8. Il est jugé que le preneur ou, en cas de cotitularité, tous les preneurs, qui, après avoir mis le bien loué à la disposition d’une société, ne participent plus aux travaux de façon effective et permanente, selon les usages de la région et en fonction de l’importance de l’exploitation, abandonnent la jouissance du bien loué à cette société, procèdent ainsi à une cession prohibée du droit au bail à son profit et qu’il en résulte que, dans ce cas, le bailleur peut solliciter la résiliation du bail sur le fondement de l’article L. 411-31, II, 1°, du code rural et de la pêche maritime, sans être tenu de démontrer un préjudice (3e Civ., 12 octobre 2023, pourvoi n° 21-20.212, publié).

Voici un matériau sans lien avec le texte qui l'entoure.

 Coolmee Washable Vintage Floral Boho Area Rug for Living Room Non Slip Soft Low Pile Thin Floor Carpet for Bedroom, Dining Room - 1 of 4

9. Il est également jugé que le preneur ou, en cas de cotitularité, l’un ou les copreneurs, qui mettent les biens loués à la disposition d’une société dont ils ne sont pas associés mais qui continuent à se consacrer à l’exploitation de ceux-ci, en participant sur les lieux aux travaux de façon effective et permanente, n’abandonnent pas la jouissance du bien loué à cette société et ne procèdent donc pas à une cession prohibée du bail, ce dont il résulte que, dans ce cas, le bailleur ne peut solliciter la résiliation du bail que sur le fondement de l’article L. 411-31, II, 3°, du code rural et de la pêche maritime et est donc tenu de démontrer que le manquement est de nature à lui porter préjudice (3e Civ., 26 septembre 2024, pourvoi n° 23-12.967, publié).

10. Pour prononcer la résiliation du bail pour cession prohibée, l’arrêt retient que la faculté de mettre les biens loués à la disposition d’une société à objet principalement agricole, impose, en cas de pluralité de preneurs, que ceux-ci en soient tous associés, qu’à défaut le preneur non associé manque à son obligation de se consacrer personnellement à la mise en valeur de ces biens et procède à une cession prohibée, la circonstance que l’autre preneur soit effectivement associé étant sans incidence du fait du caractère indivisible du bail rural, et que, dès lors, Mme [P] n’étant pas associée de l’EARL, alors qu’elle était copreneuse, ce seul manquement justifie la résiliation du bail sans que les bailleurs n’aient à justifier d’un préjudice.

11. En statuant ainsi, alors que le seul fait que Mme [P], copreneuse, ne soit pas associée de l’EARL au profit de laquelle les terres louées étaient mises à disposition ne suffisait pas à caractériser une cession illicite et que le manquement caractérisé, tenant à la contravention, par les preneurs, aux dispositions de l’article L. 411-37 du code rural et de la pêche maritime, nécessitait, pour prononcer la résiliation du bail, que soit établie l’existence d’un préjudice subi par le bailleur, la cour d’appel a violé les textes susvisés.